Items from a dataset
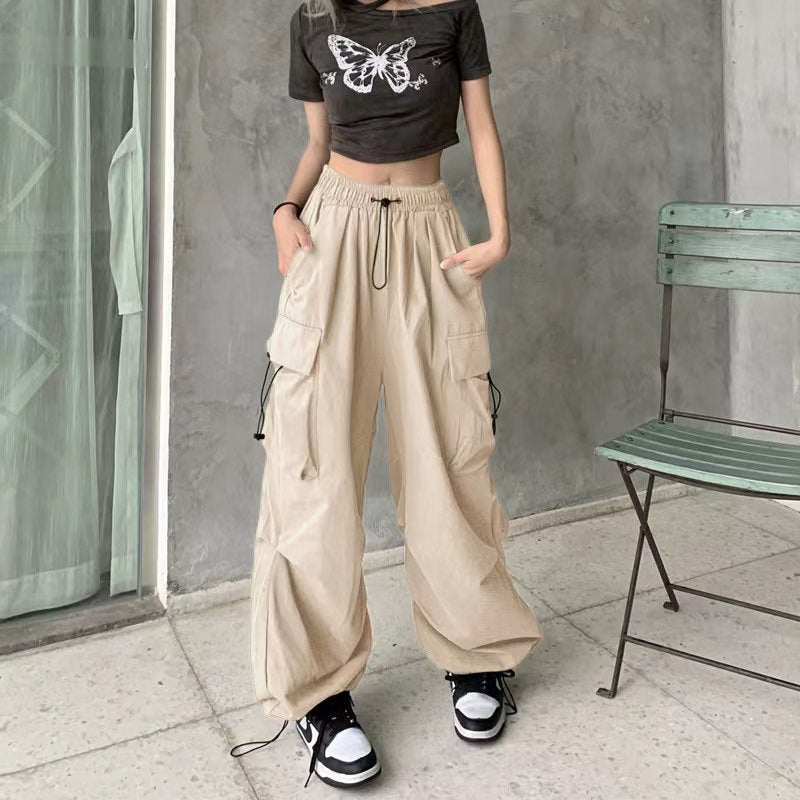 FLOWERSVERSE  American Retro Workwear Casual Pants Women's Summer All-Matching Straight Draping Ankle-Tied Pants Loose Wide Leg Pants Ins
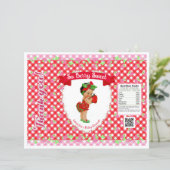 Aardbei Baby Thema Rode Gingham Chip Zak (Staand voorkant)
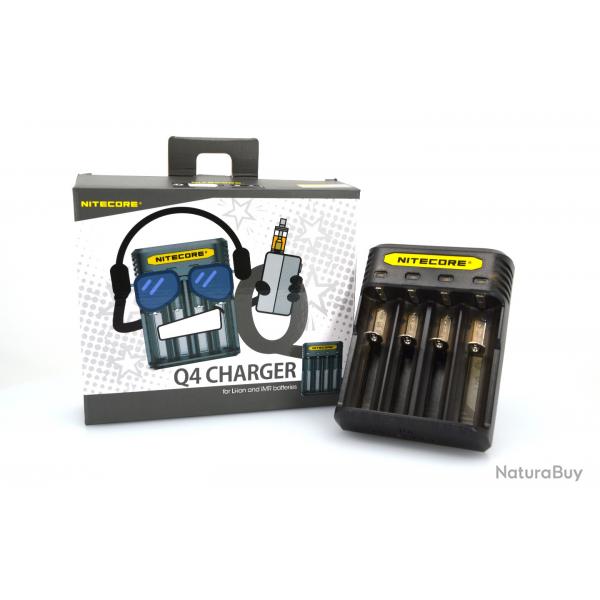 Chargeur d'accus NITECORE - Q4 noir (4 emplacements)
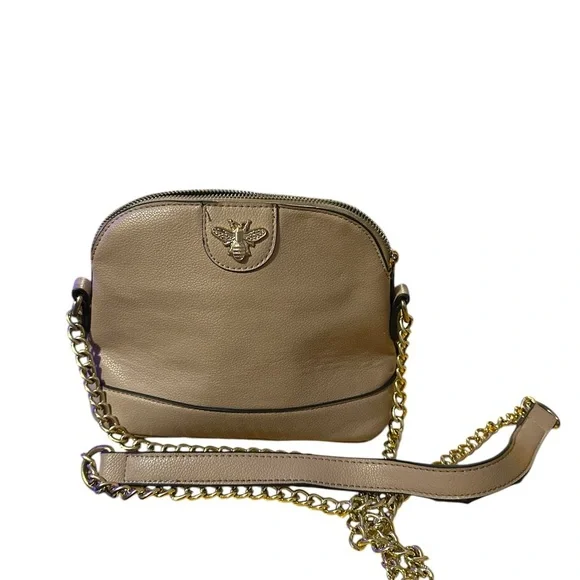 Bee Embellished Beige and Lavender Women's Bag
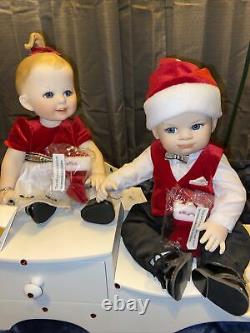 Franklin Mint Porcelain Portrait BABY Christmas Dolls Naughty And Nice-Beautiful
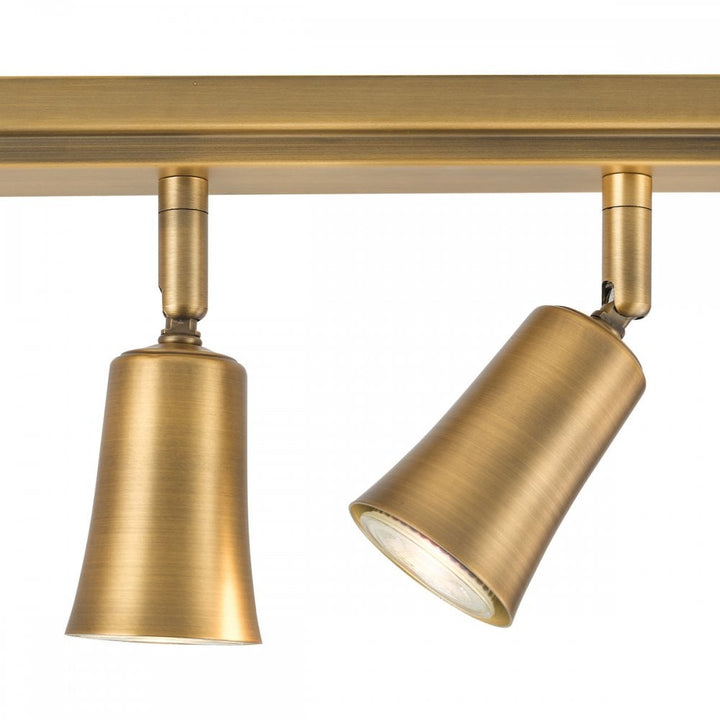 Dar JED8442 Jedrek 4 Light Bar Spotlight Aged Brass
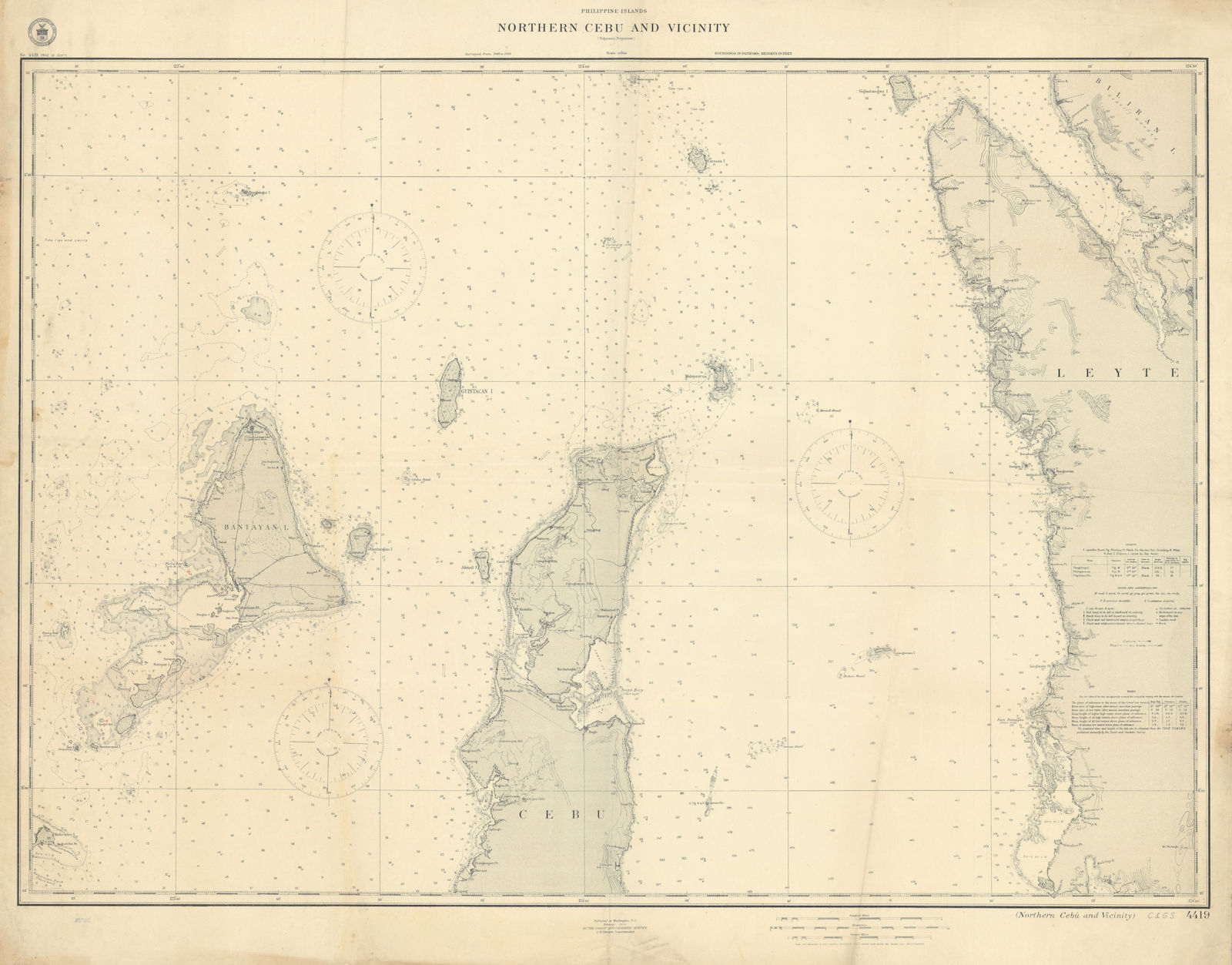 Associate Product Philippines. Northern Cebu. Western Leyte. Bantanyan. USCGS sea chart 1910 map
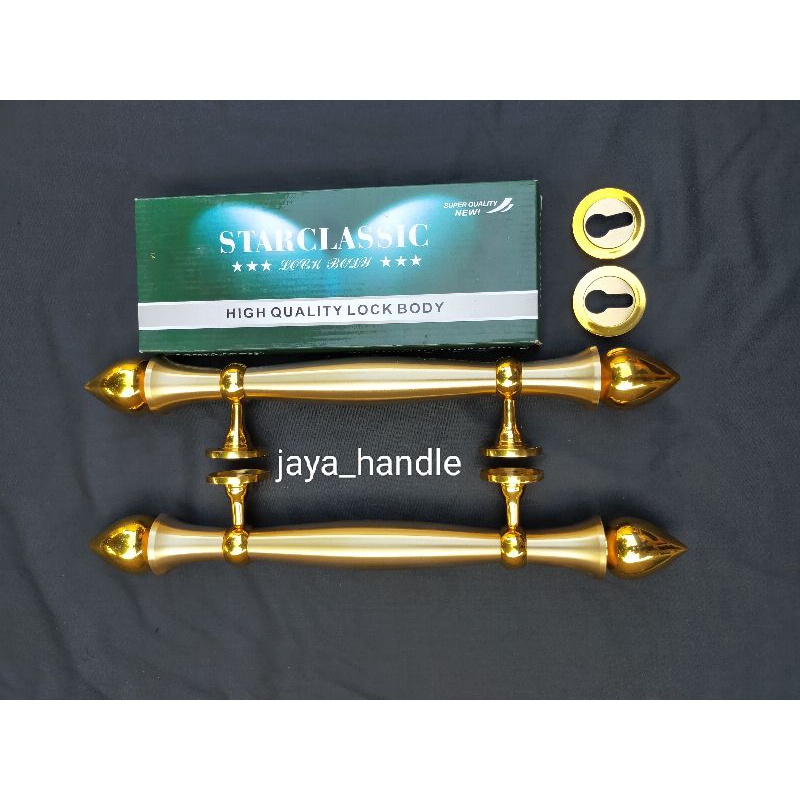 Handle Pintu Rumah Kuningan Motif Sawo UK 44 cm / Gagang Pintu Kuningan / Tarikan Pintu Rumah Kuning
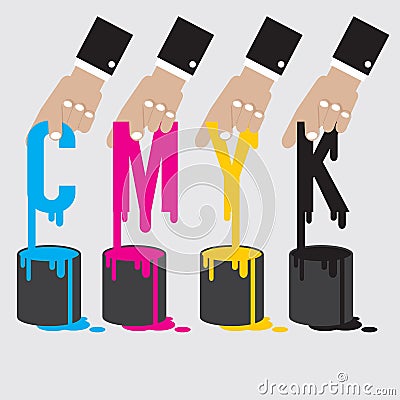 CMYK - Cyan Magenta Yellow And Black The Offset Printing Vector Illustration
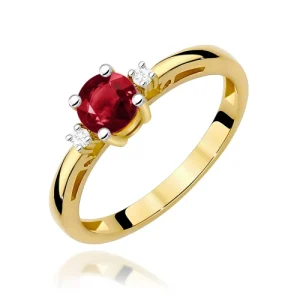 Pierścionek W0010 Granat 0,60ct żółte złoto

WHAT IS EXPECTED: Could you write out again, exactly, the lines from the line containing "Dar JED8442 Jedrek" through the last line of the records above? Leave out the pictures.

SOLUTION FOR THIS EXERCISE:
 Dar JED8442 Jedrek 4 Light Bar Spotlight Aged Brass
 Associate Product Philippines. Northern Cebu. Western Leyte. Bantanyan. USCGS sea chart 1910 map
 Handle Pintu Rumah Kuningan Motif Sawo UK 44 cm / Gagang Pintu Kuningan / Tarikan Pintu Rumah Kuning
 CMYK - Cyan Magenta Yellow And Black The Offset Printing Vector Illustration
 Pierścionek W0010 Granat 0,60ct żółte złoto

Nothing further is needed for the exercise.